Task to complete: Transcribe only the part of the material below that begins at the line containing "Base de refroidissement" and ends at the line containing "Forever Woman's Black", with both kept and images left out.

Dataset records:
[Start of section]

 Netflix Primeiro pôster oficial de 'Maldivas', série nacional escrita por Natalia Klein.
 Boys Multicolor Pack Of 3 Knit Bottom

[End of section]
[Start of section]

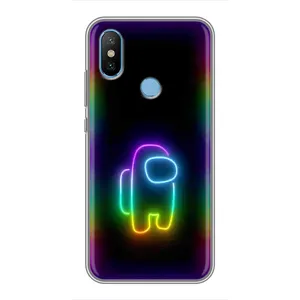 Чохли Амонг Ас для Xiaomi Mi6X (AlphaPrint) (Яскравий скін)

[End of section]
[Start of section]

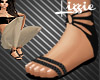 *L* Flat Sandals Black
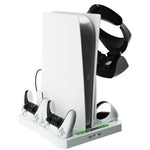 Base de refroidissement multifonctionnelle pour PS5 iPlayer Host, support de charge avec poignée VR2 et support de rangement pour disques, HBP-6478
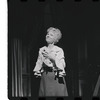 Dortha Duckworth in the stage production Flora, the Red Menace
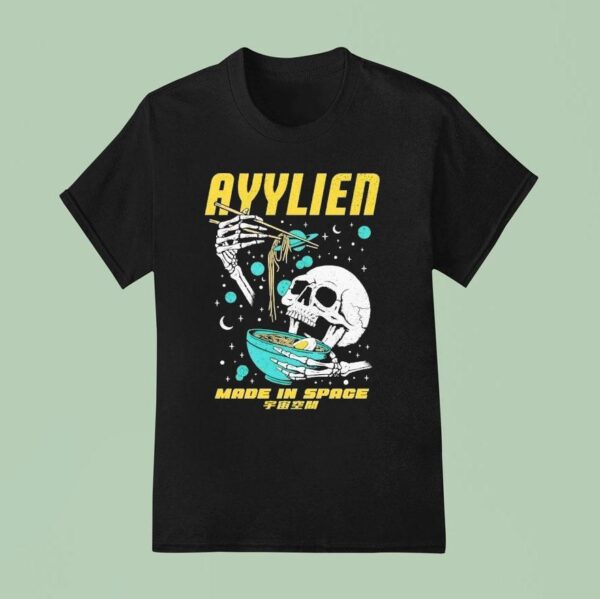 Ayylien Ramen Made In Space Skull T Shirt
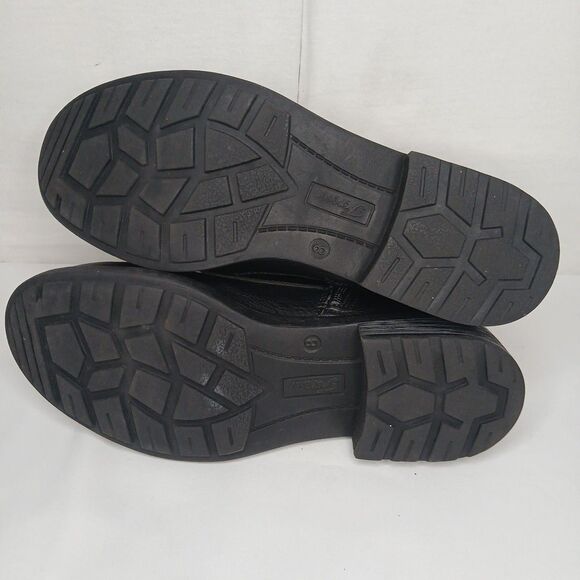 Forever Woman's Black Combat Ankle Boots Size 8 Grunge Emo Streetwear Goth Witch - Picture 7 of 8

[End of section]

Task result:
 Base de refroidissement multifonctionnelle pour PS5 iPlayer Host, support de charge avec poignée VR2 et support de rangement pour disques, HBP-6478
 Dortha Duckworth in the stage production Flora, the Red Menace
 Ayylien Ramen Made In Space Skull T Shirt
 Forever Woman's Black Combat Ankle Boots Size 8 Grunge Emo Streetwear Goth Witch - Picture 7 of 8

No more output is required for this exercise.